The story of Aha3D

The story of Aha3D

Hi there!

The story of Aha3D is a story of exploration of sorts. Exploration to discover how the fabric of reality gets woven, both literally and metaphorically!

(This is an informal blog post by Aakash, the Founder of Aha3D. If however you’re looking for the official “about the Company” page, please visit About Aha3D instead).

The then 3D printing scenario in India

When Aha3D came into existence, I’m talking about the year 2010, the word 3D printing had started appearing only in the pages of cutting-edge publications in the west. For India? Well. There were but a precious few people! I’ll like to mention the trailblazers. First,  Karan Chaphekar who is now running his company called kcbots. Man, was the dude ahead of his times! To the best of my knowledge, he is the first reprapper in India.

A writeup of how 3D printing scenario evolved in India will be incomplete without mention of Rohit Asil and Vijay Raghav Varda.
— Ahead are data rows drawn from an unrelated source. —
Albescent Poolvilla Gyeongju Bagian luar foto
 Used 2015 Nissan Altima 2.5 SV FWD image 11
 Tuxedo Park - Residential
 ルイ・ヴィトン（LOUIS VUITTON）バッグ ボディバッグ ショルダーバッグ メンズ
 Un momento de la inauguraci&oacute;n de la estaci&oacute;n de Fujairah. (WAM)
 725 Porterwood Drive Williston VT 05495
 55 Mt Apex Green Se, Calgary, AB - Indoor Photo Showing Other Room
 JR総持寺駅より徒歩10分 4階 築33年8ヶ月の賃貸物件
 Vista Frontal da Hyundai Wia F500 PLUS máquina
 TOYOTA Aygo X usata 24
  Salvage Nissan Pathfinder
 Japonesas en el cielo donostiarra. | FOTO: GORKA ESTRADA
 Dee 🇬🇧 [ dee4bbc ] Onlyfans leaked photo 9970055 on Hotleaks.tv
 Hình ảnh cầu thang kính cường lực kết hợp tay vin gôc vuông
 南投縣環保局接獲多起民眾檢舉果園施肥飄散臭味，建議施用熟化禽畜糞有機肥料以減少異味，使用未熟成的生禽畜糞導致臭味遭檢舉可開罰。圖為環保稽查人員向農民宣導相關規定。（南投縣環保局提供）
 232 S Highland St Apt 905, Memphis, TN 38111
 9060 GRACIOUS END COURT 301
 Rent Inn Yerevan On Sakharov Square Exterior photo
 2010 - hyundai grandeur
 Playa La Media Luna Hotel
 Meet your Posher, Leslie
These young engineering graduates were among the first people to evolve the technology and supply chain, with their company Fraktal Works and their low-cost Julia 3D printer. Raja Sekhar and Prudhvi Reddy of Think3D and Jyothish Kumar with AMSI also command a special mention, who created the Indian 3D printing ecosystem in their own ways since the early days.

Since then, there have been many, many (and then many, many) 3D printing startups, that came, and some who shut shop, but essentially, the guys mentioned above are the movers. The guys who did the hard work and worked through it all in the pre-3D printing days.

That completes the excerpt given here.